**Data in this exercise**
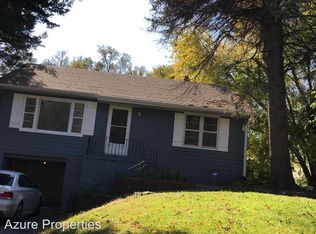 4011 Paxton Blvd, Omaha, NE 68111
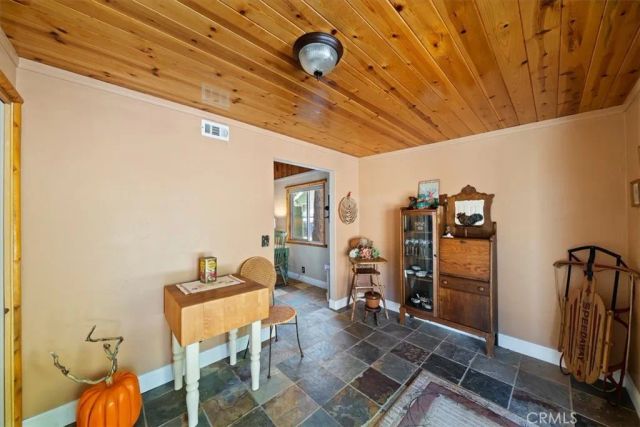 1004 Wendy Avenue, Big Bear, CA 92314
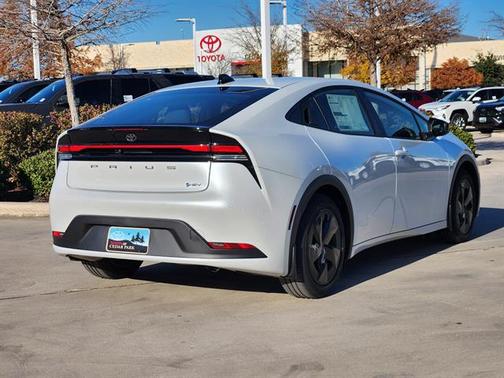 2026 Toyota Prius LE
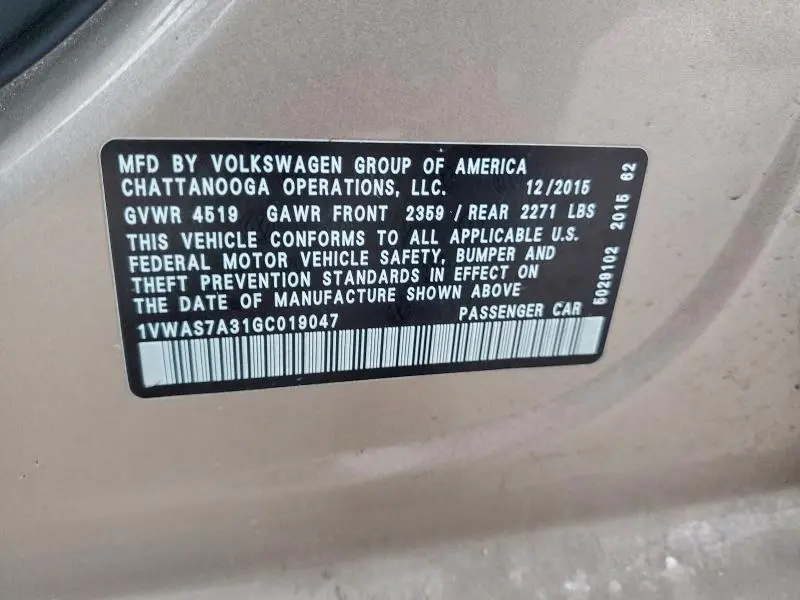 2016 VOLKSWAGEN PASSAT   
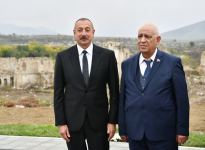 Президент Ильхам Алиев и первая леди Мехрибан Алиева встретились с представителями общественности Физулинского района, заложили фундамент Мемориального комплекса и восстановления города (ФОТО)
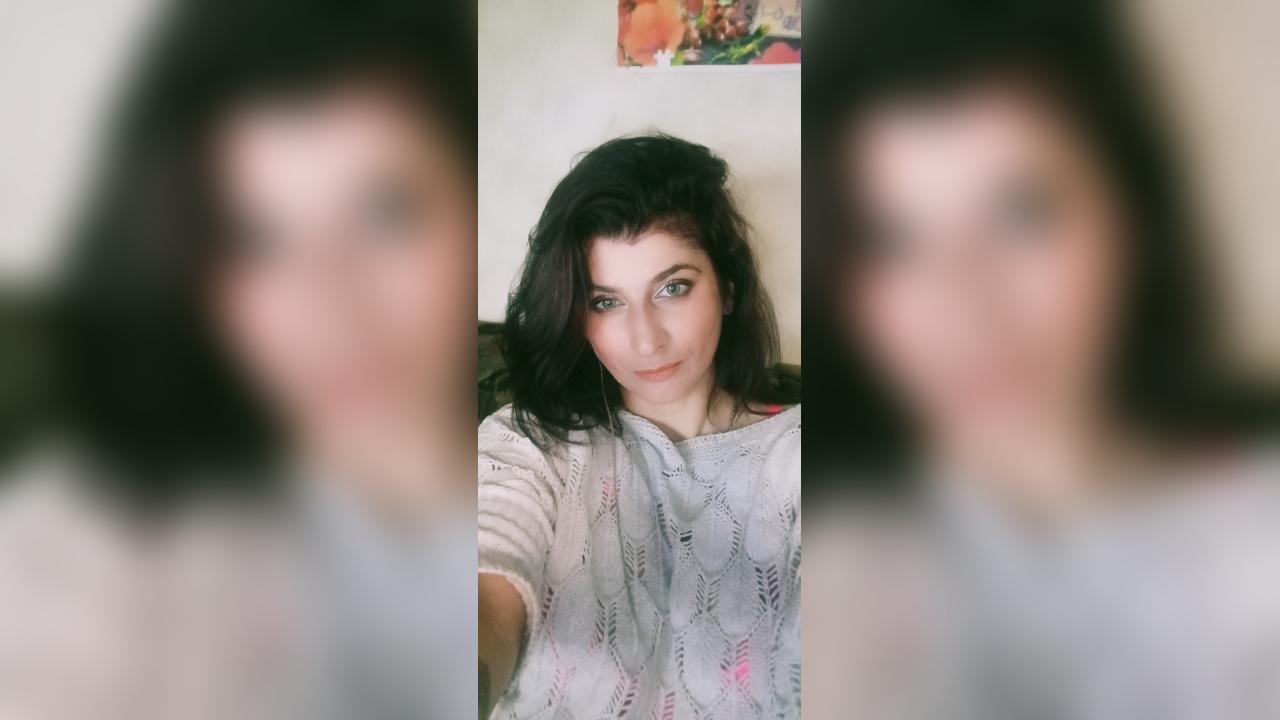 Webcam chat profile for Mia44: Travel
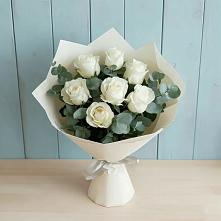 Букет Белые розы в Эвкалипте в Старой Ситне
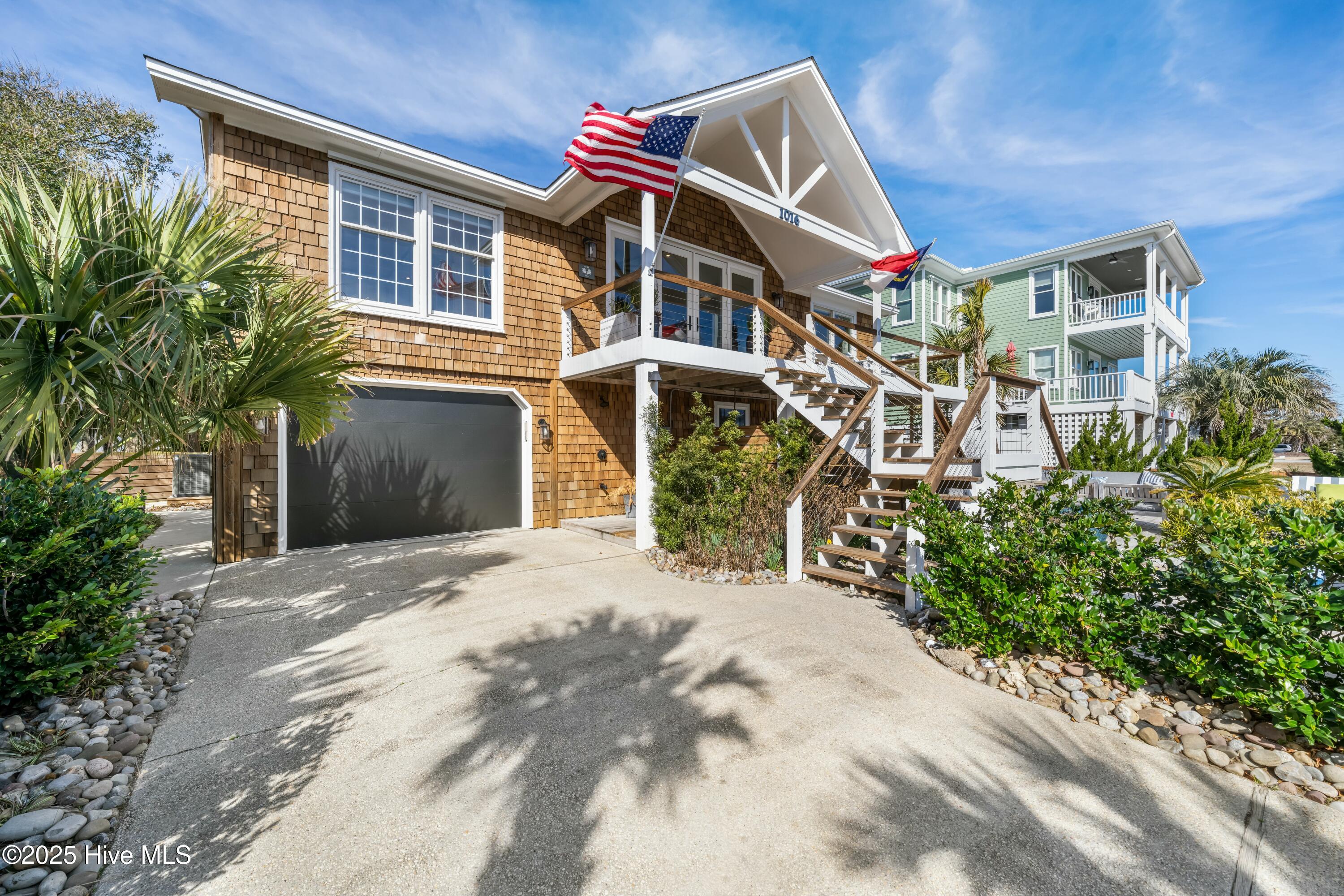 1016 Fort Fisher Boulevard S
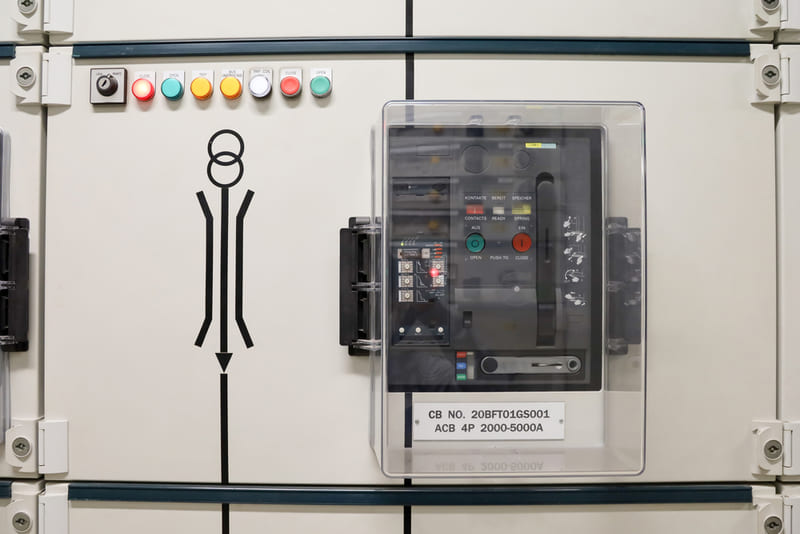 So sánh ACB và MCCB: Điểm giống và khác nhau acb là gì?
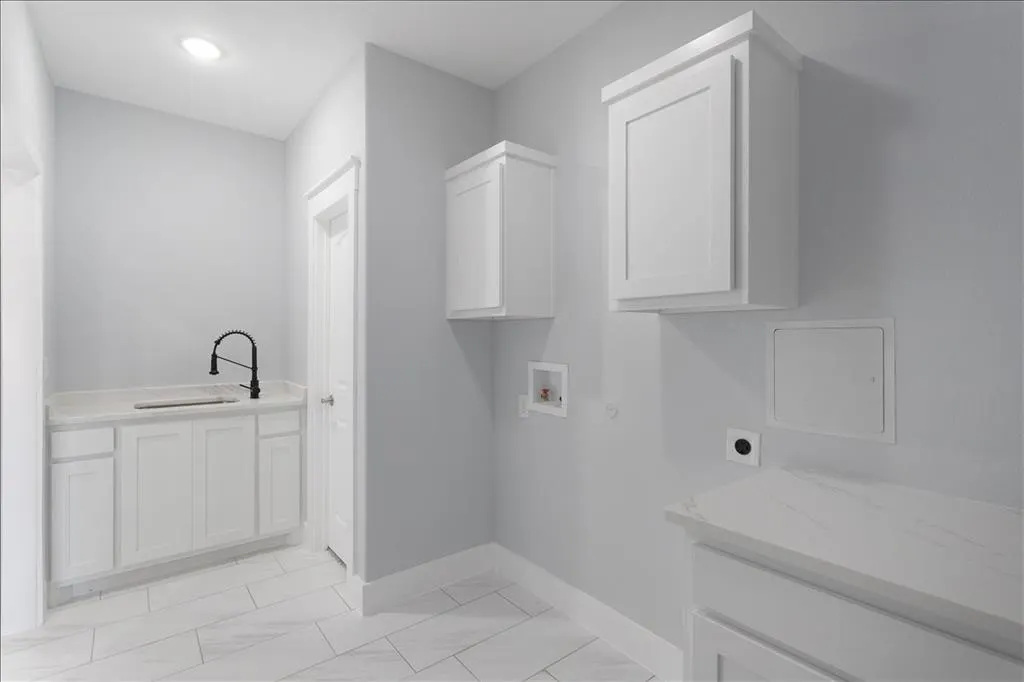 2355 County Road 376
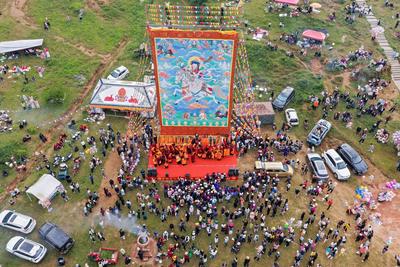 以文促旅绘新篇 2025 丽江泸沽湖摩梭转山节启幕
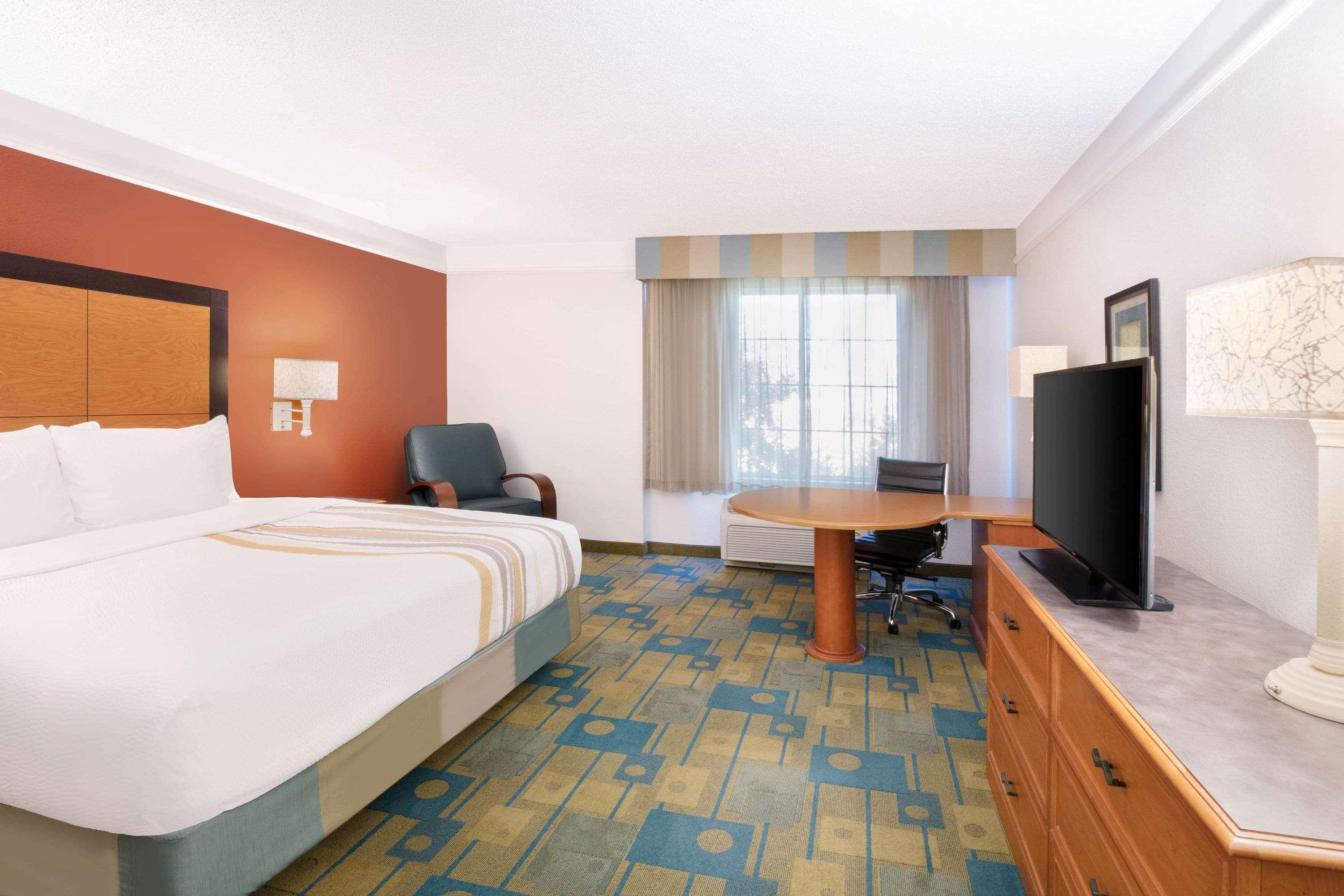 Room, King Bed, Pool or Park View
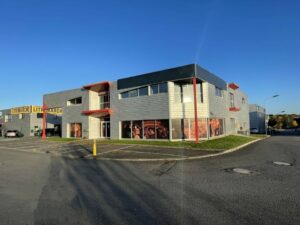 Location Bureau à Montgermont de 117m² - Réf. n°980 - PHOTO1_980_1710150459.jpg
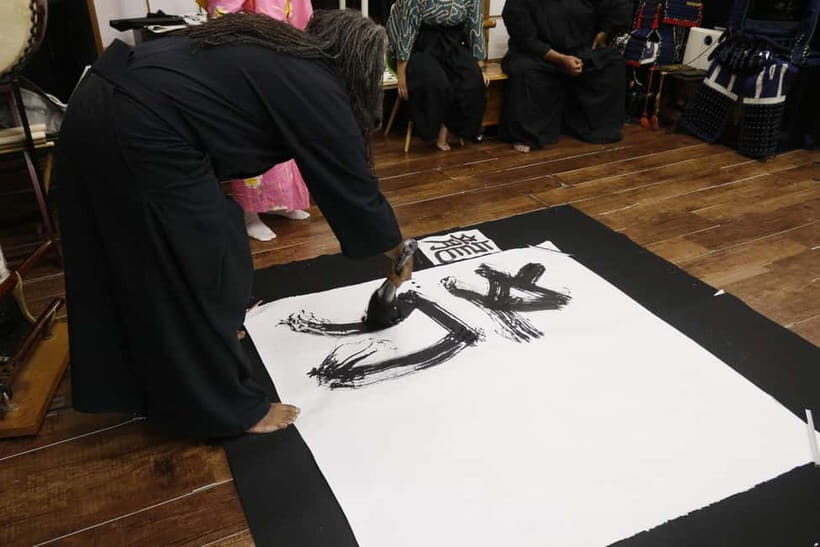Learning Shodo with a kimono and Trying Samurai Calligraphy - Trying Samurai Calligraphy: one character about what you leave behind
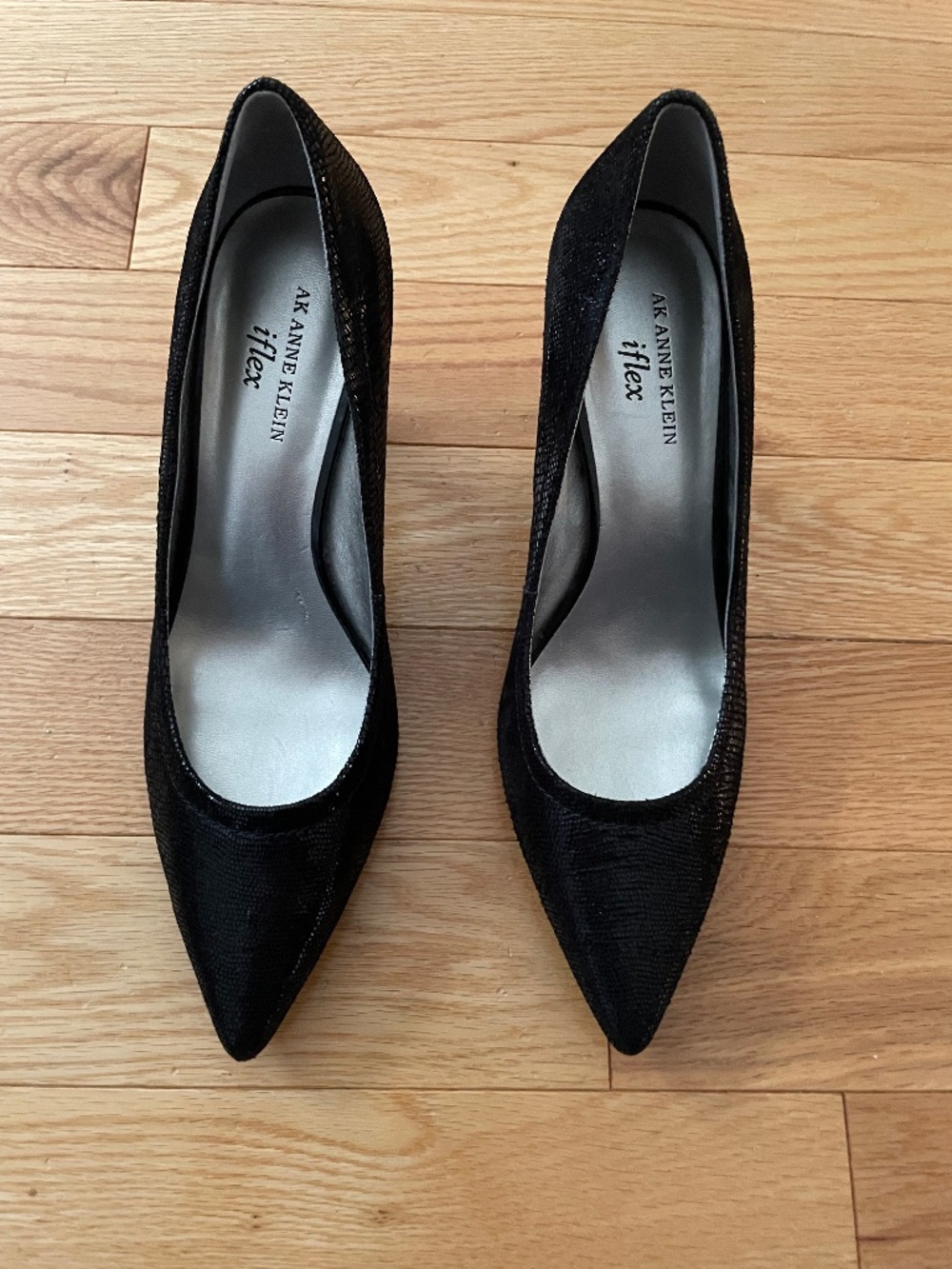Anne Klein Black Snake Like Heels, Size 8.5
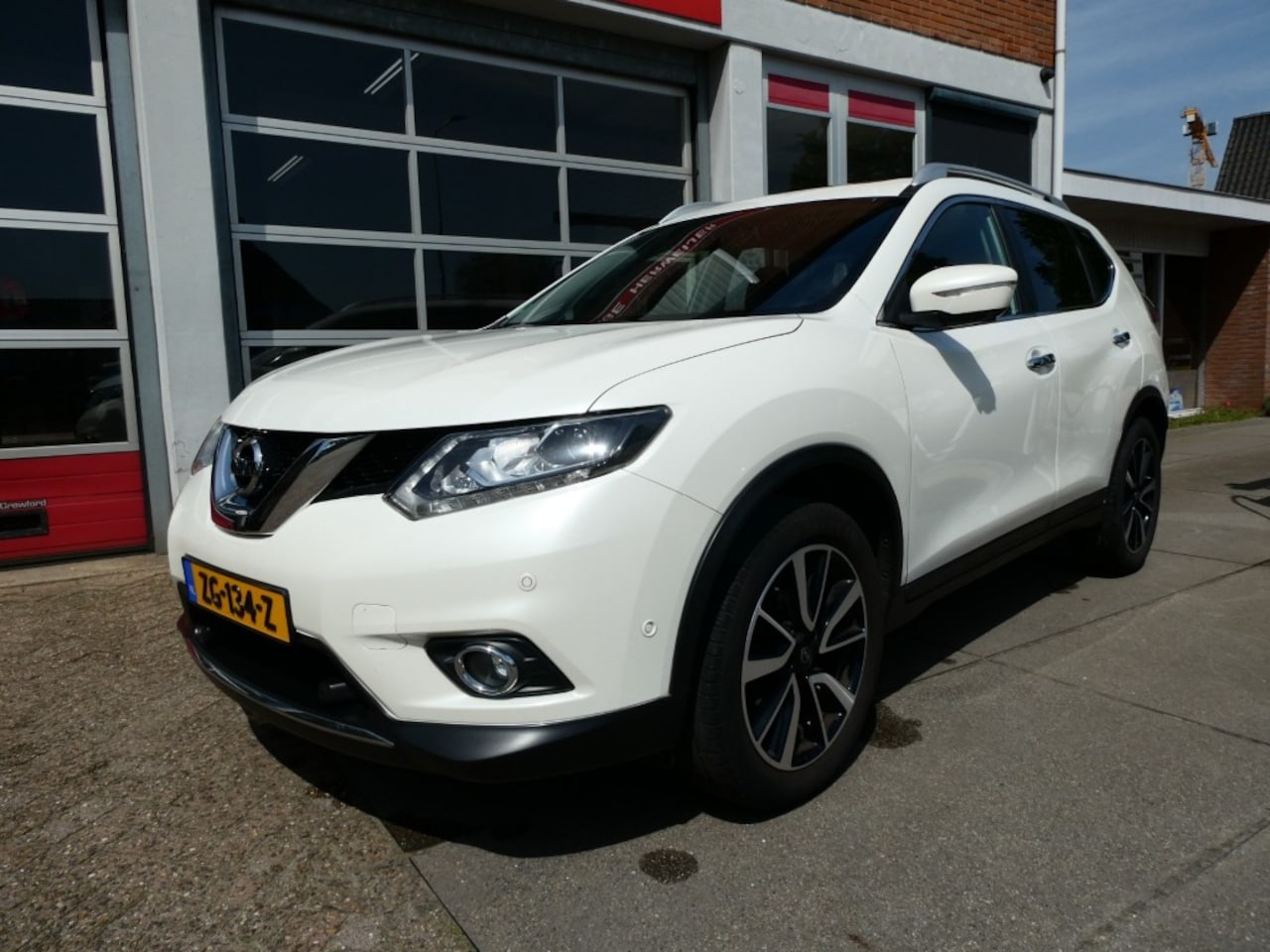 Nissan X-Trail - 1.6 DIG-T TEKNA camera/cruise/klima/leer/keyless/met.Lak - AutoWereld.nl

**Action item**
Retype, word for word, the lines from the one with "Anne Klein Black Snake Like Heels, Size 8.5" through the last line of the entries above, and only those lines. Leave pictures out.

**Answer area**
Anne Klein Black Snake Like Heels, Size 8.5
 Nissan X-Trail - 1.6 DIG-T TEKNA camera/cruise/klima/leer/keyless/met.Lak - AutoWereld.nl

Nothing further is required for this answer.